→ **Task requirements**: Out of the data below, copy every line with the string "Audi".

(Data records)
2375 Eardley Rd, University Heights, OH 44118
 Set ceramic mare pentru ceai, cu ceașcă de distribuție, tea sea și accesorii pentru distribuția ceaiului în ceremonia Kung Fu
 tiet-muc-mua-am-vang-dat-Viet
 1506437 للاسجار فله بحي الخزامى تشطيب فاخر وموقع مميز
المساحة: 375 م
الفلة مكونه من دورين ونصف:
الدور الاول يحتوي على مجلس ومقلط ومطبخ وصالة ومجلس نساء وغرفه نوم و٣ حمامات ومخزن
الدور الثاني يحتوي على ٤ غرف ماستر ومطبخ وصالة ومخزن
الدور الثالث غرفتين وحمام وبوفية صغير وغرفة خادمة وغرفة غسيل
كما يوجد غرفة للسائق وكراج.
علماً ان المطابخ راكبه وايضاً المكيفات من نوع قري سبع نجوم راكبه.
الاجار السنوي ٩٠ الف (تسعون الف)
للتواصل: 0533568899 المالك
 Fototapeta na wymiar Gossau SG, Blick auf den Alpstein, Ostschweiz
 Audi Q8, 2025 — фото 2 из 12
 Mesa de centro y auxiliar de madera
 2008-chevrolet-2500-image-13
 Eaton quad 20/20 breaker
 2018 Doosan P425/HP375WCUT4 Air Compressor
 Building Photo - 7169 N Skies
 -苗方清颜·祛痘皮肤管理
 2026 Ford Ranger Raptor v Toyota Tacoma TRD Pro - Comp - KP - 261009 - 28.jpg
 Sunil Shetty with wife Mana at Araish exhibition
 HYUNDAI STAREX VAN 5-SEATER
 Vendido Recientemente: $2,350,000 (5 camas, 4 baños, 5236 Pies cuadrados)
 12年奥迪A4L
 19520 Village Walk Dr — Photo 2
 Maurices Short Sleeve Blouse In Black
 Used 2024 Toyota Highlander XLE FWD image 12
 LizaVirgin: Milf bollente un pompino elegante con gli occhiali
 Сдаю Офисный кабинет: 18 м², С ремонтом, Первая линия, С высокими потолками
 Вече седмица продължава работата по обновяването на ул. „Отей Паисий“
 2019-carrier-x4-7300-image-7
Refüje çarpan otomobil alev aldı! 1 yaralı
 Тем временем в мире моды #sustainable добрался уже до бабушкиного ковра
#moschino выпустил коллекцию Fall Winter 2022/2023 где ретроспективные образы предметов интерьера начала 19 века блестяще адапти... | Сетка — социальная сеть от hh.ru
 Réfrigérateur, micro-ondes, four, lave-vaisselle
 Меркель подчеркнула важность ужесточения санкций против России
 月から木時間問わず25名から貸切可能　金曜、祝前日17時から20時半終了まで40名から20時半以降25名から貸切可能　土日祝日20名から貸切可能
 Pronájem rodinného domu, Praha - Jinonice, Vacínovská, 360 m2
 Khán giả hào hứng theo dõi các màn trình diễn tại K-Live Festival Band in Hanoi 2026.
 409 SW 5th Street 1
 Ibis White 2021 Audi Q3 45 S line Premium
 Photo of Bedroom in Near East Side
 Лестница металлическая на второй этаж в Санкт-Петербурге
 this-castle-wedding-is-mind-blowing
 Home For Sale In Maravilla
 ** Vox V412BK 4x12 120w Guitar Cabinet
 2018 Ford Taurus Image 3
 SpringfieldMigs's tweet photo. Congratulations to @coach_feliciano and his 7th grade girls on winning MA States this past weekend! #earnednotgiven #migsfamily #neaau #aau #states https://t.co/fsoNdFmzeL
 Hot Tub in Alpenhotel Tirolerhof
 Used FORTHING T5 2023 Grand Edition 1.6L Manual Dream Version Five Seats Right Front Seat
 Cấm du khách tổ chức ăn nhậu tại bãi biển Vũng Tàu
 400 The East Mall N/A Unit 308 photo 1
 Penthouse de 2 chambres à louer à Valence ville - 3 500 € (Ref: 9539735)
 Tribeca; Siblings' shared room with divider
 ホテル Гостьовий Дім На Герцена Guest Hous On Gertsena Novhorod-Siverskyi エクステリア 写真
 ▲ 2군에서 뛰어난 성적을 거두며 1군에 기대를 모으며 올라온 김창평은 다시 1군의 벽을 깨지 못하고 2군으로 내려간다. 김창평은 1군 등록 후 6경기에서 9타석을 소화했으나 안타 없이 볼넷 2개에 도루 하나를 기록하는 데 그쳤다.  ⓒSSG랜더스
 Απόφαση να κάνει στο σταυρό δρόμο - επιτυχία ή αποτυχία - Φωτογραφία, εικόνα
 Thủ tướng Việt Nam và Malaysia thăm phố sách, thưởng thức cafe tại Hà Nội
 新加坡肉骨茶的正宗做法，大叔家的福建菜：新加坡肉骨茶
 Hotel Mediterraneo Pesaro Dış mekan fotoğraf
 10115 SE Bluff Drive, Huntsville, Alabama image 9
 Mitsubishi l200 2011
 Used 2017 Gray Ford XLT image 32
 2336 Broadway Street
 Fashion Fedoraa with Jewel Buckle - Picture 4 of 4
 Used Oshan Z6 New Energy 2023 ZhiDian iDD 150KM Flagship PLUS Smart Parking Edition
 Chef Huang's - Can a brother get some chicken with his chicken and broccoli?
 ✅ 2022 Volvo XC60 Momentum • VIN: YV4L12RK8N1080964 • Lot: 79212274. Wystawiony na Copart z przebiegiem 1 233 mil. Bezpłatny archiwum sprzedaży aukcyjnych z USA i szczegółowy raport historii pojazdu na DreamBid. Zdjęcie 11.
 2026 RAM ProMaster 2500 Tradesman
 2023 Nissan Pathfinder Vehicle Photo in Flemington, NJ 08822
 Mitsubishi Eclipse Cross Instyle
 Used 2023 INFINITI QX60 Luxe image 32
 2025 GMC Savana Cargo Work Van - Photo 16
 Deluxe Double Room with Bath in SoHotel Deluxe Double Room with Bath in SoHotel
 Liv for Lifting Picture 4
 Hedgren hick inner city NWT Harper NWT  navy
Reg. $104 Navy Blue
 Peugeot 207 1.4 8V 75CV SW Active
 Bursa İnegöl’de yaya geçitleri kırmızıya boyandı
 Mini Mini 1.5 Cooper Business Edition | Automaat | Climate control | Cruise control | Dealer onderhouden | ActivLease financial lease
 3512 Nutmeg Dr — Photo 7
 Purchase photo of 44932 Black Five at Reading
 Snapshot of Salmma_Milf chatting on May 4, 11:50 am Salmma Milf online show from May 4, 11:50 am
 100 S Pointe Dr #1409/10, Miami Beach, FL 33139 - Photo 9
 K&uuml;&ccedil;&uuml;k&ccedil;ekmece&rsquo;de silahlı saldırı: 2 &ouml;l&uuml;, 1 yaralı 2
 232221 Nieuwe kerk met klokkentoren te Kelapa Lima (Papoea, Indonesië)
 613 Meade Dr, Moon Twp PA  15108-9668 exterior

→ **The completed task**:
 Audi Q8, 2025 — фото 2 из 12
 Ibis White 2021 Audi Q3 45 S line Premium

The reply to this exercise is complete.